İsrail, İranın nükleer savaş tehlikesine karşı kendi savunmasını eskiye oranla daha da geliştirdi. İsrail Savunma Sanayinde Arrow (Hetz) Anti-balistik füze sistemleri geliştirildi. Kod adı HOMA yani Sur olan Arrow füze sistemleri İsrailin 3 yerinde konuçlanmış bulunuyor; bunlar Haifa, Tel-Aviv ve Palmahim askeri üsleri. İsrail, Arrow füzelerinin bir üst modelini yani Arrow 2yi de geliştirdi. Bu füze sesin hızından tam 9 kat daha hızlı hareket edebilme becerisine ve 50.000 metre yüksekliğe ulaşma kapasitesine sahip. Arrow 2, 27 Ağustos 2001, 16 Aralık 2003 ve 29 Haziran 2004teki bütün denemelerinde başarıya ulaştı.
İsrailin, kendi savunması ve bölgede varlığını tehdit eden güçlere karşı kendi stratejik balistik füzesini, Jerichonun en üst modeli olan Jericho 3ü de geliştirdiği söyleniyor. Fakat bu bilgiler İsrail Ordusu ve Savunma Bakanlığı tarafından doğrulanmadı. Jericho 3ün, 4800 km. menzile sahip ve nükleer savaş başlığı taşıyabilir durumda üretildiği söyleniyor. Ancak, bilindi gibi, İsrail, nükleer kapasitesinin ne olduğu konusunda dünyadaki hiçbir ülkeye ve Birleşmiş Milletlere bir bilgi vermiyor ve nükleer silahının olup olmadığı konusundaki bütün soruları cevaplamaktan kaçınıyor.

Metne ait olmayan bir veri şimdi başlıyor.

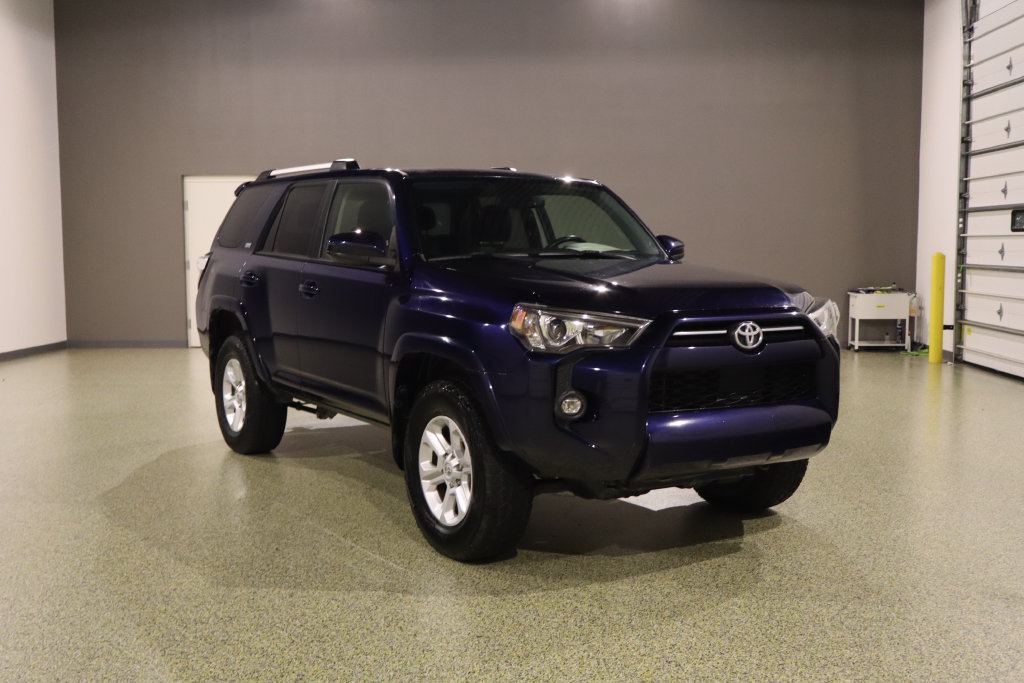 Used 2021 Toyota 4Runner SR5 AWD/4WD image 1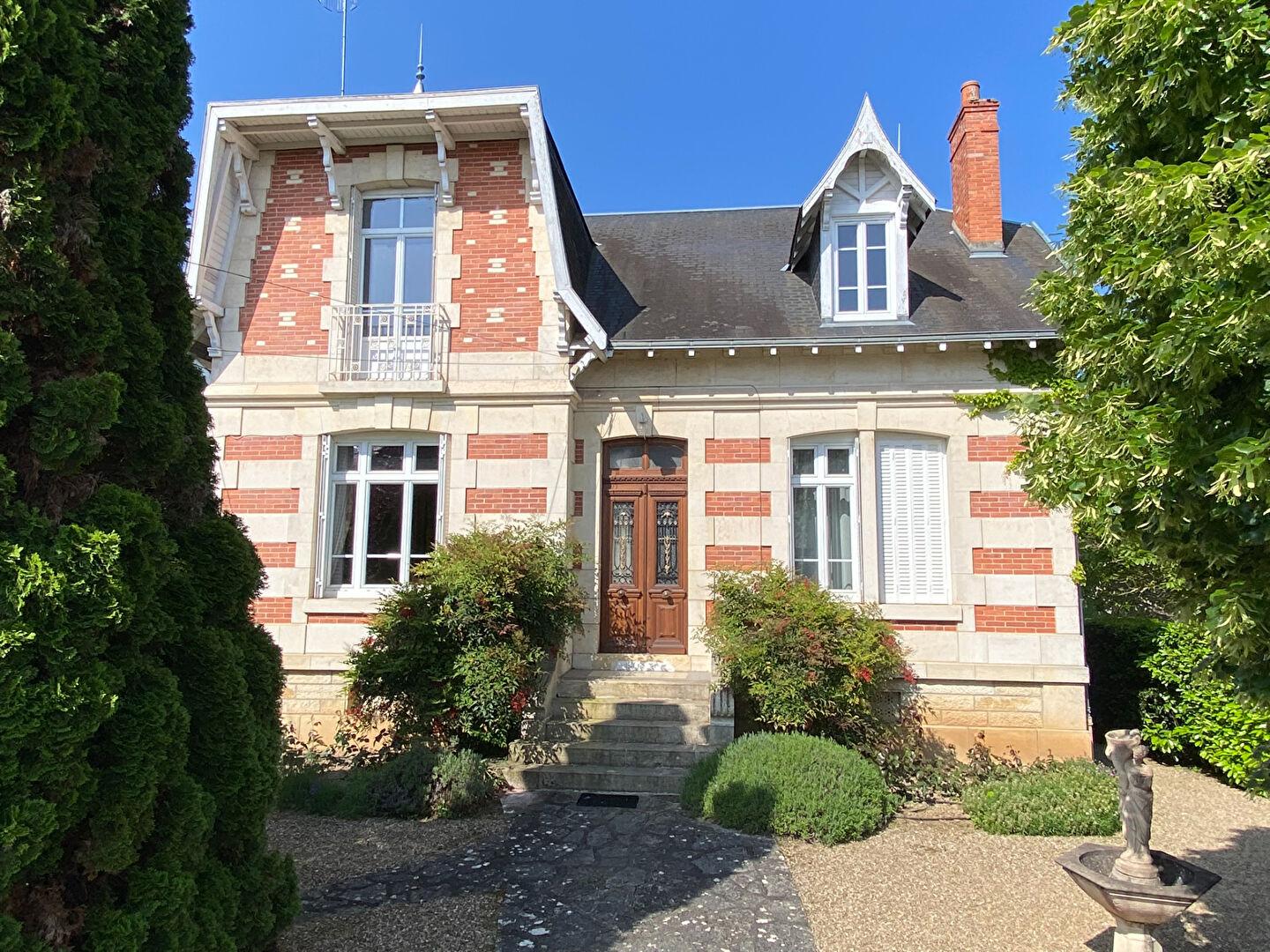 Maison Saint Amand Montrond 6 pièces 140 m2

İran Cumhurbaşkanının fanatik açıklamaları, İranın nükleer güç elde etmek için verdiği çabalar, Venezuela-İran yakınlaşması ve İran-Kuzey Kore yakınlaşması, ABDnin şimşeklerinin İran üzerine çekilmesi için yeterli sebep teşkil ediyor. Beyaz Saray Sözcüsü Scott McClellan, "Bu, İranın nükleer eğilimleri konusundaki düşüncelerimizin altını çizdi" dedi.
ABD Başkanı George W. Bushun Şer Ekseni konuşmasından yola çıkarak, Ortadoğunun uzun vadede daha da karışabileceğini ve İranın zamanla daha da sivri politikalarını göreceğimizi düşünüyorum. Ahmedinecad hükümeti, Hatemi hükümetinin nispeten daha ılımlı çizgisine uzak politika güttüğü sürece uluslararası izolasyona ve Amerikanın "Containment Policy" yani çevreleme politikasına maruz kalmaya mahkumdur.